• _Exercise objective_
Could you write out, exactly as they stand, only the lines in the listing below from the line with "assess翻譯（asses" to the line with "Pink Flowers-Wild", both ends included, without the pictures?

• _Dataset extract_
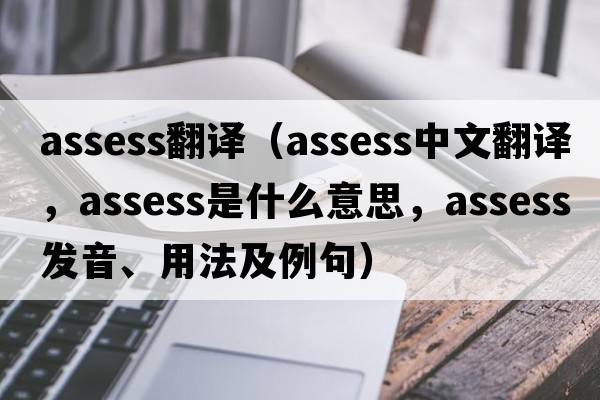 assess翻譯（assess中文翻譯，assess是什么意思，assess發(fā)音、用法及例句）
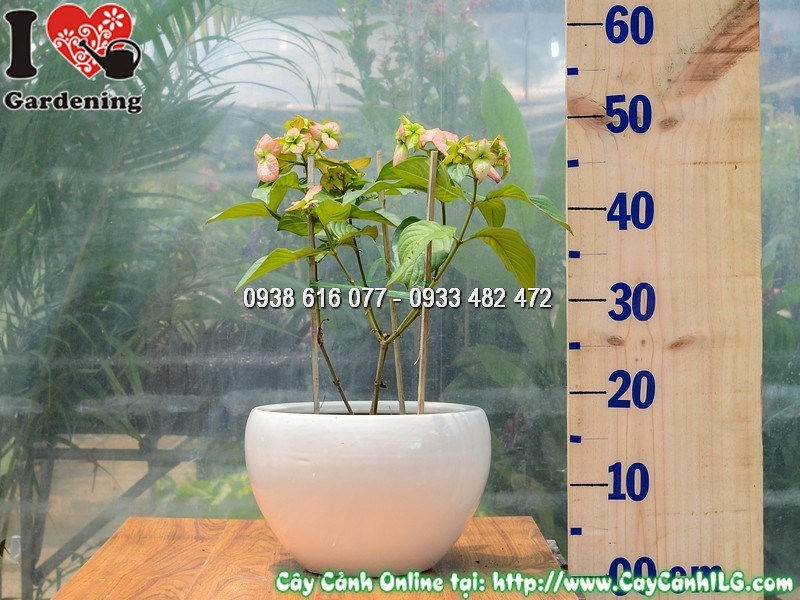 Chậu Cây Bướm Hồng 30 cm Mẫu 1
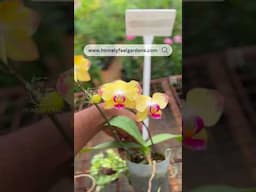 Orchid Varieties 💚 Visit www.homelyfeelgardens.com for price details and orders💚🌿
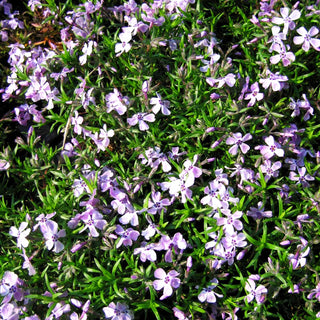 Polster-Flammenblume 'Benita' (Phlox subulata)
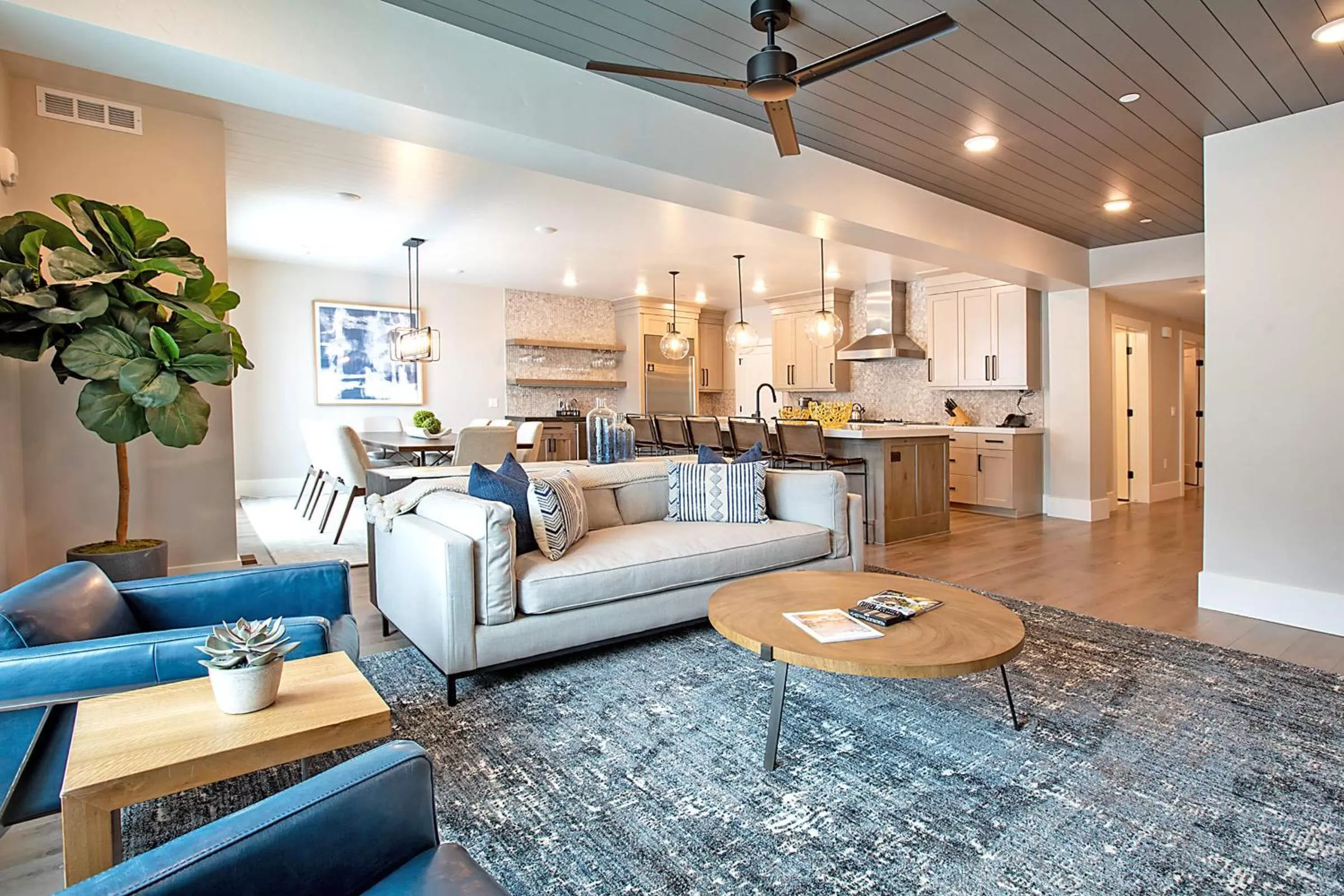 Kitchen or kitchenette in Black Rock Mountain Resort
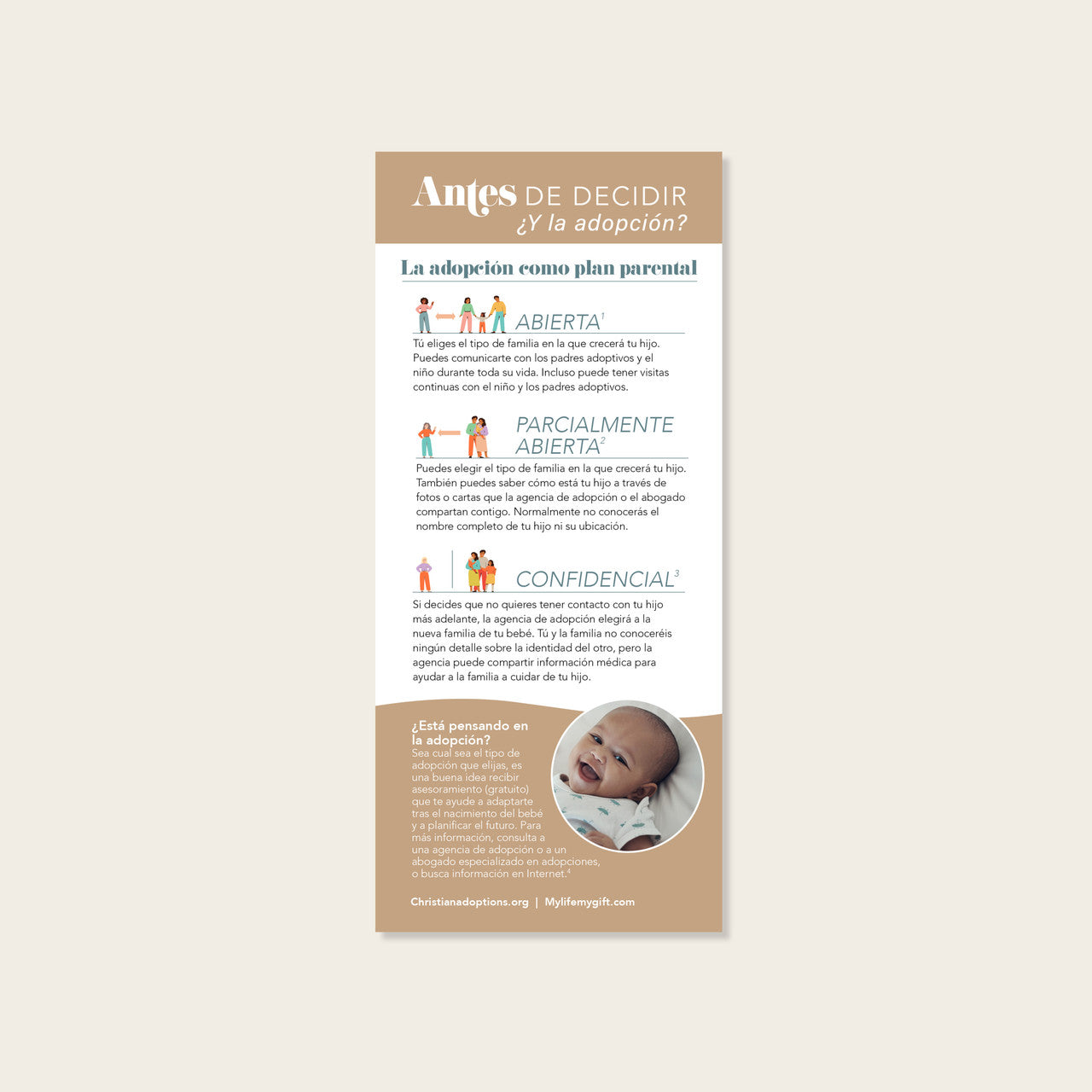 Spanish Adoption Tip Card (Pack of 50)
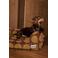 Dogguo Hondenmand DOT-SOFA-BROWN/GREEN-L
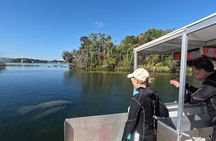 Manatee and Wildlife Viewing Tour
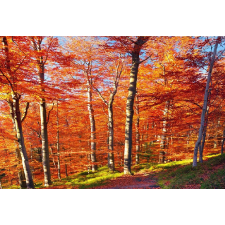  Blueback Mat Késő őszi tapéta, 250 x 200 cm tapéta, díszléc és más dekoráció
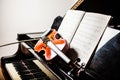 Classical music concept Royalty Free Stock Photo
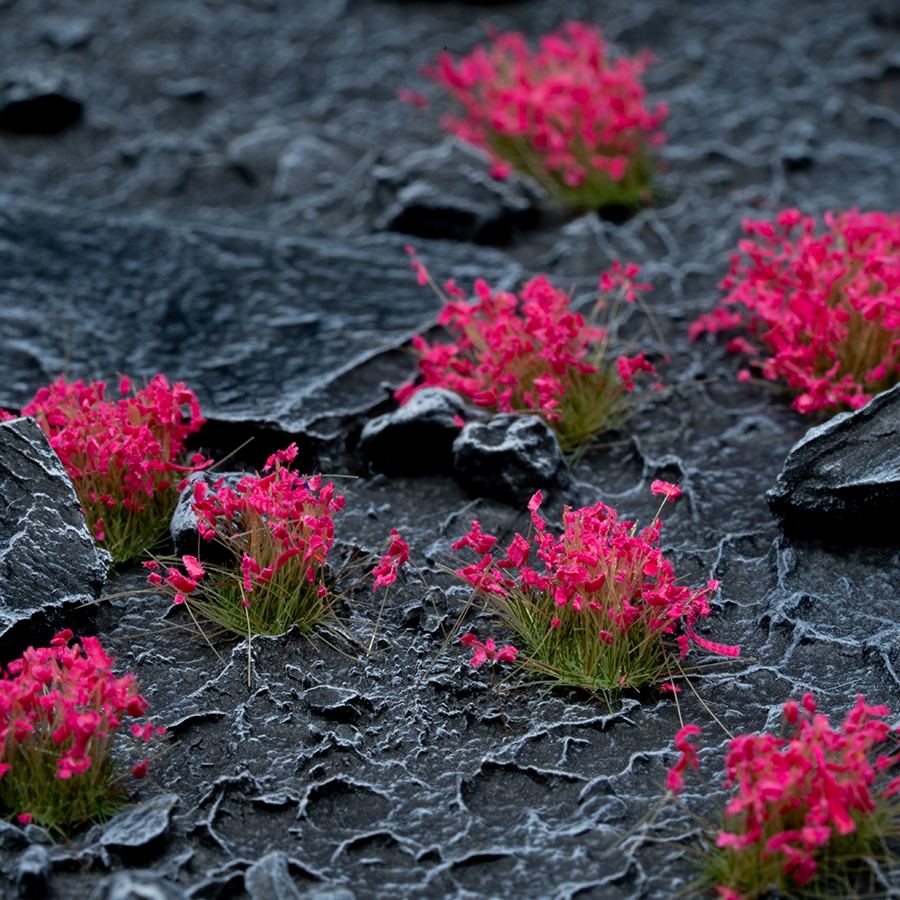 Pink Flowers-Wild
---
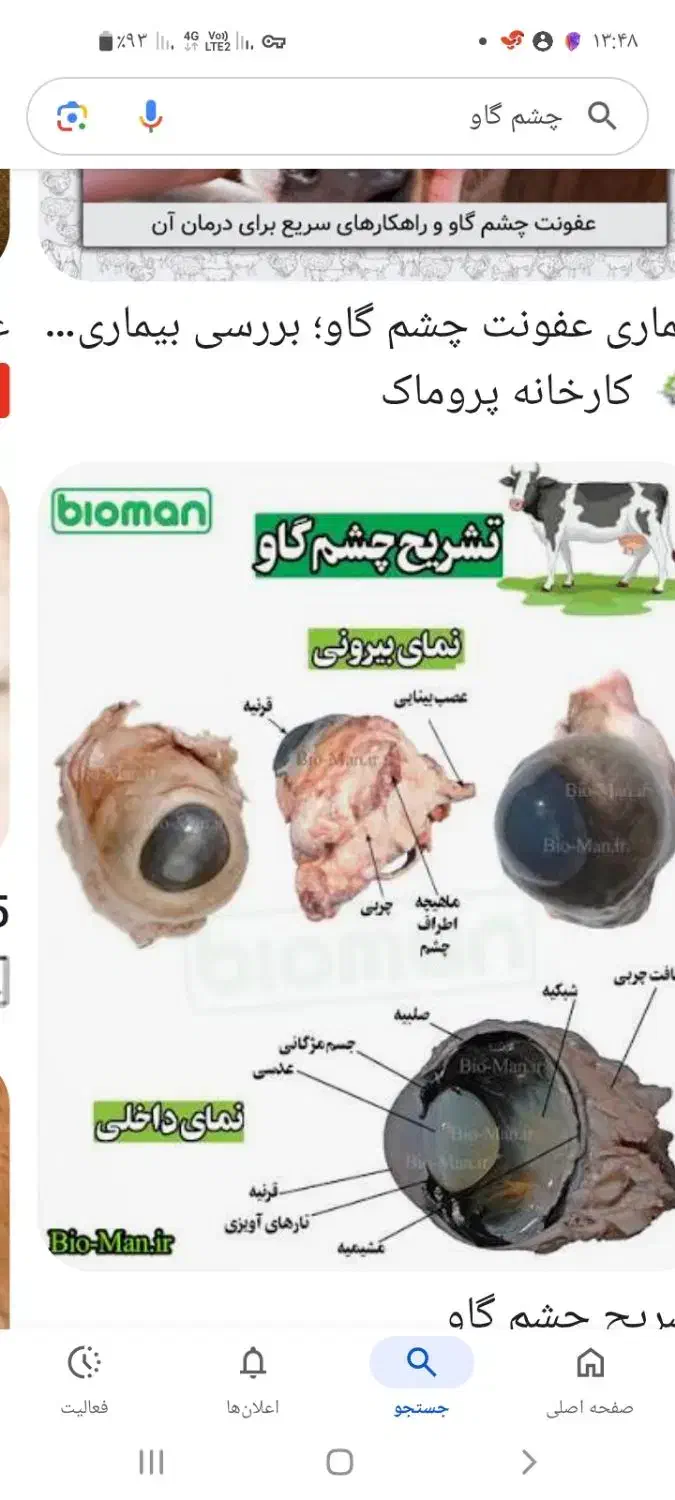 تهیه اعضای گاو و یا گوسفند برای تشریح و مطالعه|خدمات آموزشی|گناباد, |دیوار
* * *
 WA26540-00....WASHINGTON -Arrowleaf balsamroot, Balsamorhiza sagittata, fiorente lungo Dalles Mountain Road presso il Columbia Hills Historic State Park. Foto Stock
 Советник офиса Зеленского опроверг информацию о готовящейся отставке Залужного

• _Answer box_
 assess翻譯（assess中文翻譯，assess是什么意思，assess發(fā)音、用法及例句）
 Chậu Cây Bướm Hồng 30 cm Mẫu 1
 Orchid Varieties 💚 Visit www.homelyfeelgardens.com for price details and orders💚🌿
 Polster-Flammenblume 'Benita' (Phlox subulata)
 Kitchen or kitchenette in Black Rock Mountain Resort
 Spanish Adoption Tip Card (Pack of 50)
 Dogguo Hondenmand DOT-SOFA-BROWN/GREEN-L
 Manatee and Wildlife Viewing Tour
  Blueback Mat Késő őszi tapéta, 250 x 200 cm tapéta, díszléc és más dekoráció
 Classical music concept Royalty Free Stock Photo
 Pink Flowers-Wild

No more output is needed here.